The percentage of patents that the United States Patent and Trades Office (USPTO) has risen dramatically. But does this mean that American inventiveness has reached a new high? Not quite. In fact, it’s actually the opposite. It speaks to the current methods the USPTO has adopted when considering patent applications, and the way patent lawyers may be operating to ensure patent approval.
This comes from a paper that looked at patent application data over the past 17 years, including how many were approved and how many were re-submitted patent applications. While the number of approved applications is increasing steadily, it’s important to notice that the number of new or original applications being submitted has remained at generally the same number since 2008.
In short, there has been no increase in new applications. The acceptance rate is just rising dramatically. Since 2008 there have been about 300,000 original applications each year (with this number slightly decreasing between 2008 and 2010). Whereas, the number of applications increased dramatically since 2008, from 156,540 to 248,305 issued patents. That’s an increase in approved patents from 60 percent to almost 89 percent.
There are a number of reasons for this. First, there is a severe patent backlog. Those grouped in the backlog are the years-long pileup of applications awaiting action by a USPTO examiner and those caught in application limbo. Since 1996 the total number of backlogs has increased dramatically. From 1997 to 2008 it surged 339 percent. In 2008, however, the backlogs started to decrease. Since then, the backlog has dropped 18 percent, which may be because the USPTO altered its application methodology.
David Kappos, who was the director of the USPTO from 2009 until early 2013, has been lauded for bringing more efficiency to the USPTO, which, like any government entity, is notorious for its endless bureaucracy. As Dennis Crouch from patent-centric blog Patentlyo writes, “we have public statements from [former USPTO] Director Kappos suggesting intention to move toward a higher allowance rate.”
But higher efficiency to some may mean lower standards to others..
In addition, Crouch claims that while the USPTO has changed course in analyzing applications, patent lawyers have done the same. He writes:
I have a working hypothesis that applicants have increased their reliance on [various] tools as mechanisms to self-select the best application for filing and abandoning the patents even before filing a non-provisional.
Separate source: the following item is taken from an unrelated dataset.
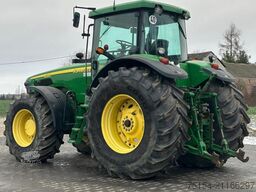 John Deere 8120
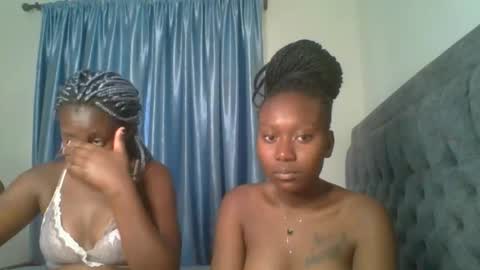 Snapshot of sweet_camila5 chatting on 10.30.25 Camila online show from 10.30.25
In essence, Crouch is saying that patent applicants and lawyers are relying on tools like filing Requests for Continued Examination (a request lawyers use to renegotiate their applications with the USPTO when they have been denied). This goes with the report’s data, which show a significant increase of re-filed patents being approved.
So, on one hand we have patent lawyers finding new ways to get their patents through, and on the other hand we have a supposedly “efficient” USPTO approval system that may not have as much oversight as we’d like. This sounds like a haven for patent trolls, right?
Professor Chris Cotropia, a co-author of the paper, is aware that this recent uptick isn’t speaking well toward American innovation. This is because a great deal of the patents being approved are just rehashed old ones (that is, the Requests for Continued Examinations that are being reconsidered). At the same time, he doesn’t think this should be considered synonymous with the enormous surge in patents during the 1990s, when most patent trolls began filing their applications.
He points to recent reforms made as a potential glimmer of hope. “We’ve had a lot of reforms,” he told me. “Not just at the legislative level, but in the judiciary.” Such reforms include the “Patent Litigation and Innovation Act,” and the “Stop the Offensive Use of Patents (STOP) Act.” So now Cotropia thinks people should wait and see. Of course, it takes time to see glimmers of improvement. But, as he puts it, that’s “just the way the system is built.”
Others, of course, disagree. Take, for example, EFF’s Julie Samuels, who told me a few weeks ago, “the laws are skewed toward getting people rich.” To her, the current iteration of patent law necessarily inhibit innovation, because of the ways lawyers can maneuver around USPTO standards. This can translate into poorly worded patents getting passed, which is precisely how patent trolls make their money. In addition she maintains that patent law is too focused on monetary renumeration and not on the ideas behind the patents.
Cotropia doesn’t think things are that dismal. “We are still a fairly innovative country — especially in the software and IT space.”
Whether we enact more reform or keep things as they are now, it’s probably going to be at least ten years before we really see the what sort of consequences this paradigm of patent approval will bring.